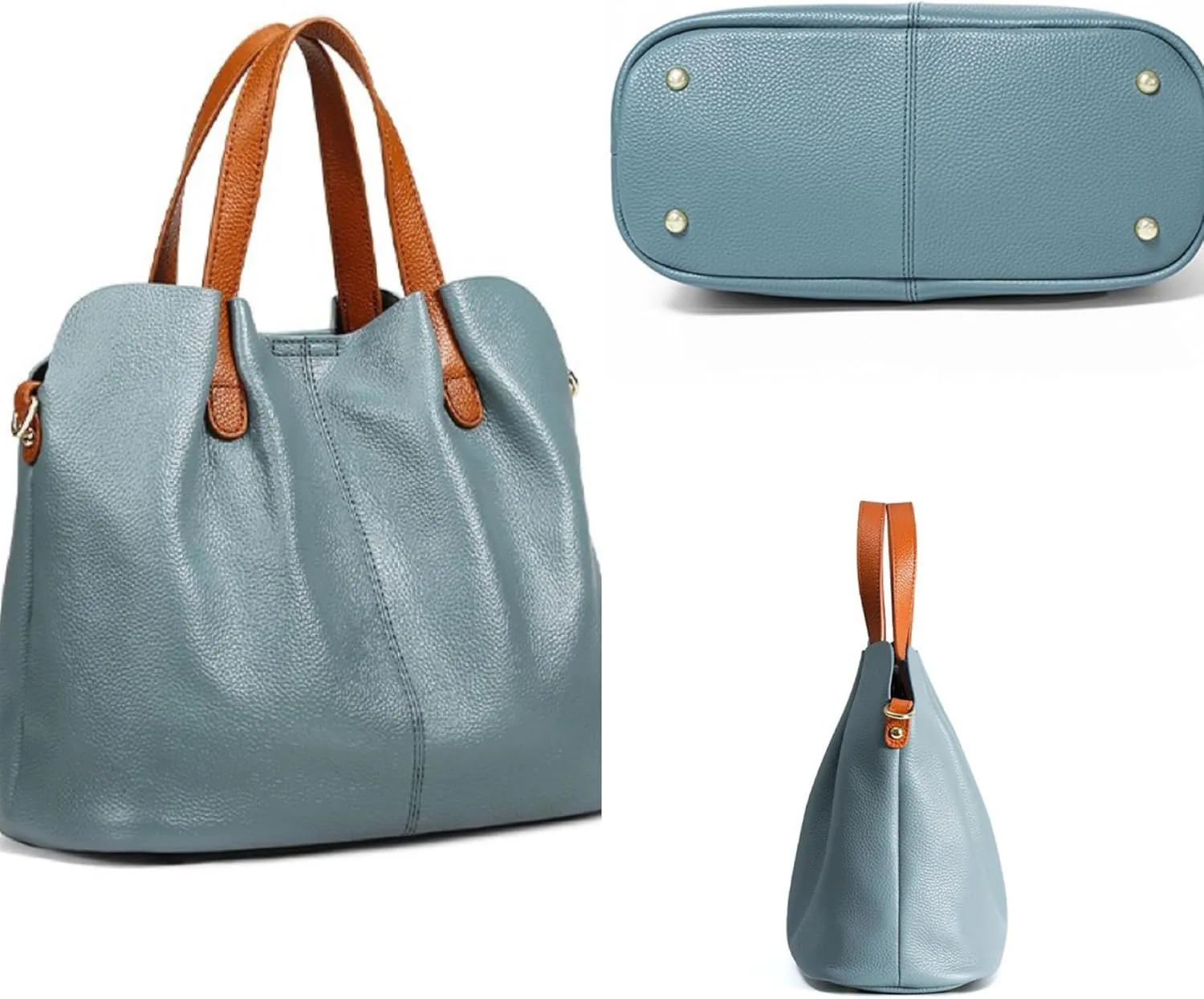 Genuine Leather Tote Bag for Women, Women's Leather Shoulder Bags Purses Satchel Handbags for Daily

...

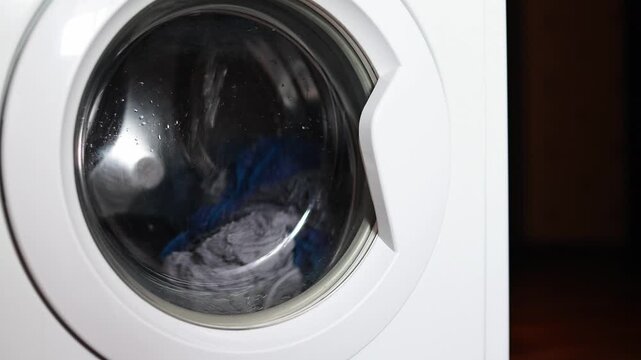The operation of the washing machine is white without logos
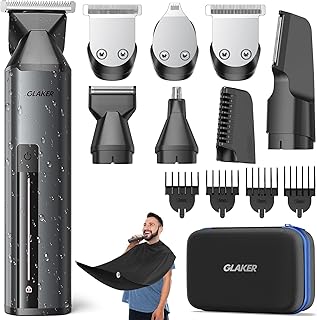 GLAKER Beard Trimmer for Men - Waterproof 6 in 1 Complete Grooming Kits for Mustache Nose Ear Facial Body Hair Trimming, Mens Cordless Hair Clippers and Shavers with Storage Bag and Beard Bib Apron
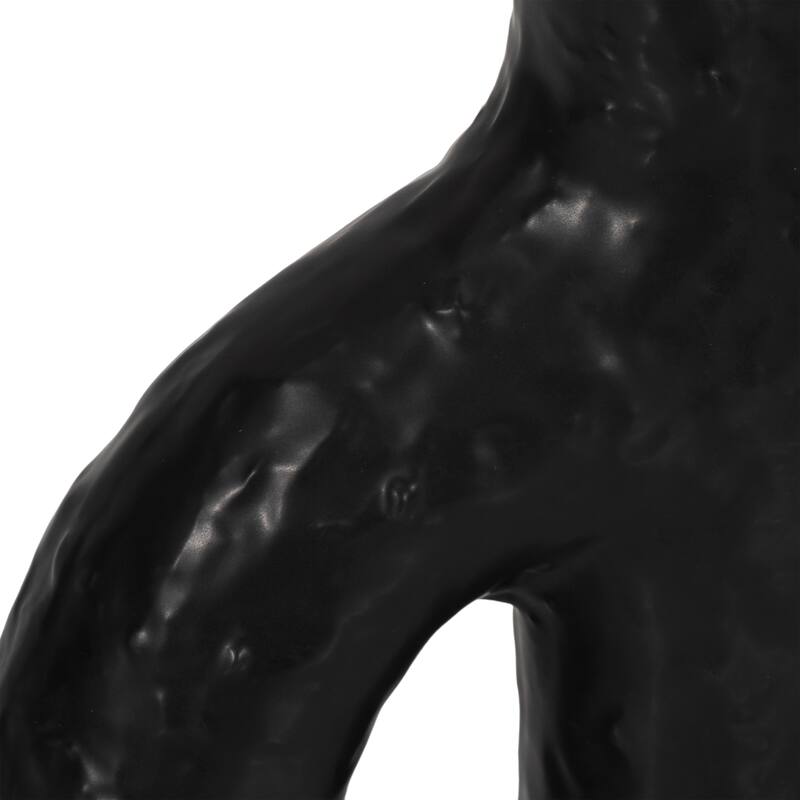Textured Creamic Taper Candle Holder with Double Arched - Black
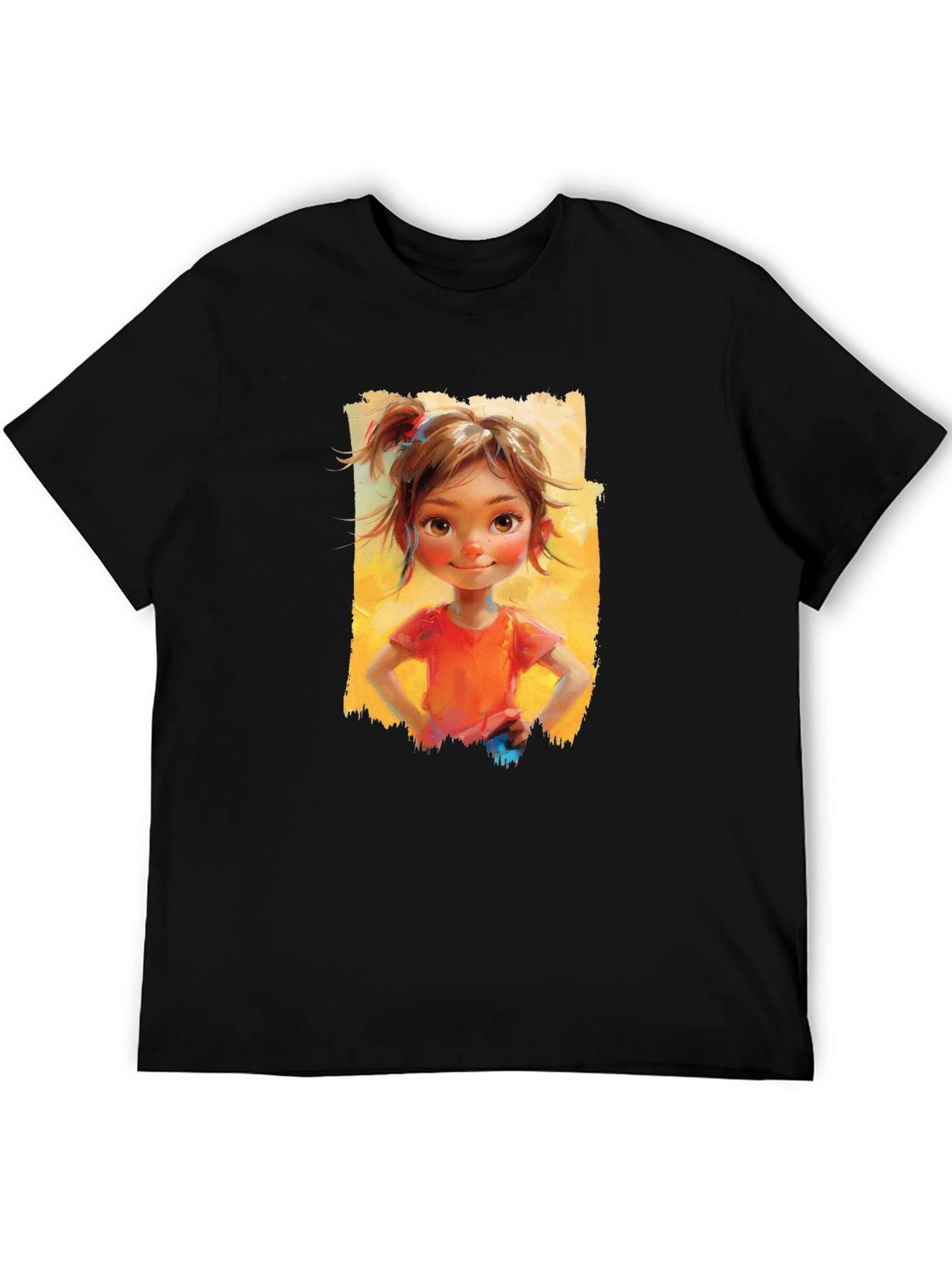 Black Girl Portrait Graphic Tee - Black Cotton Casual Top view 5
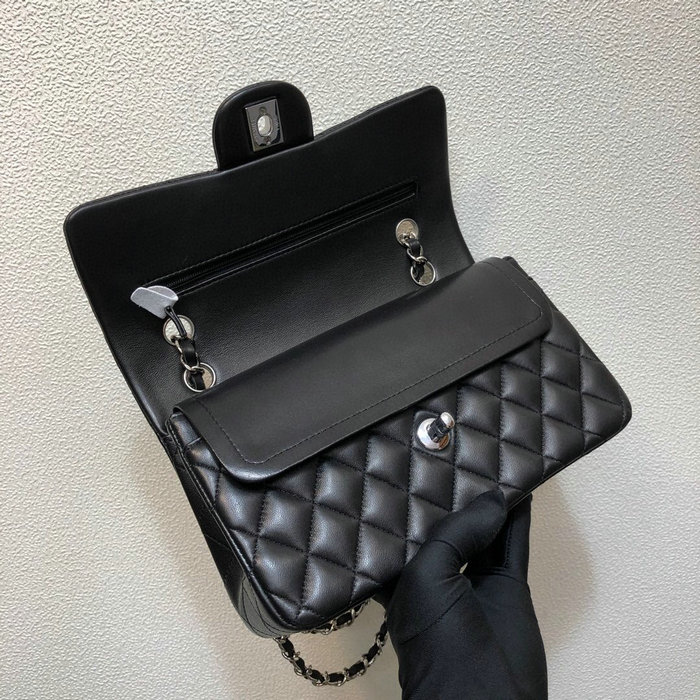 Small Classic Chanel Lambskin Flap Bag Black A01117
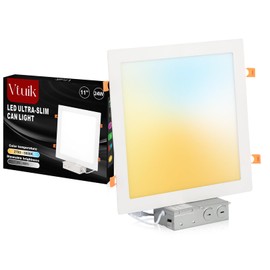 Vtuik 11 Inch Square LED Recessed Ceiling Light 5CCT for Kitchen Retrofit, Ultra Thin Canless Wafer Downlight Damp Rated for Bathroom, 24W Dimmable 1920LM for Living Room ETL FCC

● **About this task**
Only one stretch of the entries above is needed: the lines from the one containing "GLAKER Beard Trimmer" through the one containing "Black Girl Portrait". Copy it exactly, without the pictures.

● **Problem solution**
 GLAKER Beard Trimmer for Men - Waterproof 6 in 1 Complete Grooming Kits for Mustache Nose Ear Facial Body Hair Trimming, Mens Cordless Hair Clippers and Shavers with Storage Bag and Beard Bib Apron
Textured Creamic Taper Candle Holder with Double Arched - Black
 Black Girl Portrait Graphic Tee - Black Cotton Casual Top view 5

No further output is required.